- [Material for this task]
-- Opening Marker --
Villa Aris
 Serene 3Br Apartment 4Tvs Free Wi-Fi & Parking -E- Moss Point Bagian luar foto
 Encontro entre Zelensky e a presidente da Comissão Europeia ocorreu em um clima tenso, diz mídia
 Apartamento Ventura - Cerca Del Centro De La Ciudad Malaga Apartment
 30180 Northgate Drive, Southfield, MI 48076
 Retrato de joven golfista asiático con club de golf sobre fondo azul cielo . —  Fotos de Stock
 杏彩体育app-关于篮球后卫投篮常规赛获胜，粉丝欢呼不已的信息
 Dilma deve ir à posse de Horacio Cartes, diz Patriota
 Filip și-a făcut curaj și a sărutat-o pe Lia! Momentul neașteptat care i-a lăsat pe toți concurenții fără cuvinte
-- Closing Marker --
- [Task directions] Transcribe exactly the line containing "Encontro entre Zelensky" and all remaining lines of the material, ending with the last one.

- [Completed task]
 Encontro entre Zelensky e a presidente da Comissão Europeia ocorreu em um clima tenso, diz mídia
 Apartamento Ventura - Cerca Del Centro De La Ciudad Malaga Apartment
 30180 Northgate Drive, Southfield, MI 48076
 Retrato de joven golfista asiático con club de golf sobre fondo azul cielo . —  Fotos de Stock
 杏彩体育app-关于篮球后卫投篮常规赛获胜，粉丝欢呼不已的信息
 Dilma deve ir à posse de Horacio Cartes, diz Patriota
 Filip și-a făcut curaj și a sărutat-o pe Lia! Momentul neașteptat care i-a lăsat pe toți concurenții fără cuvinte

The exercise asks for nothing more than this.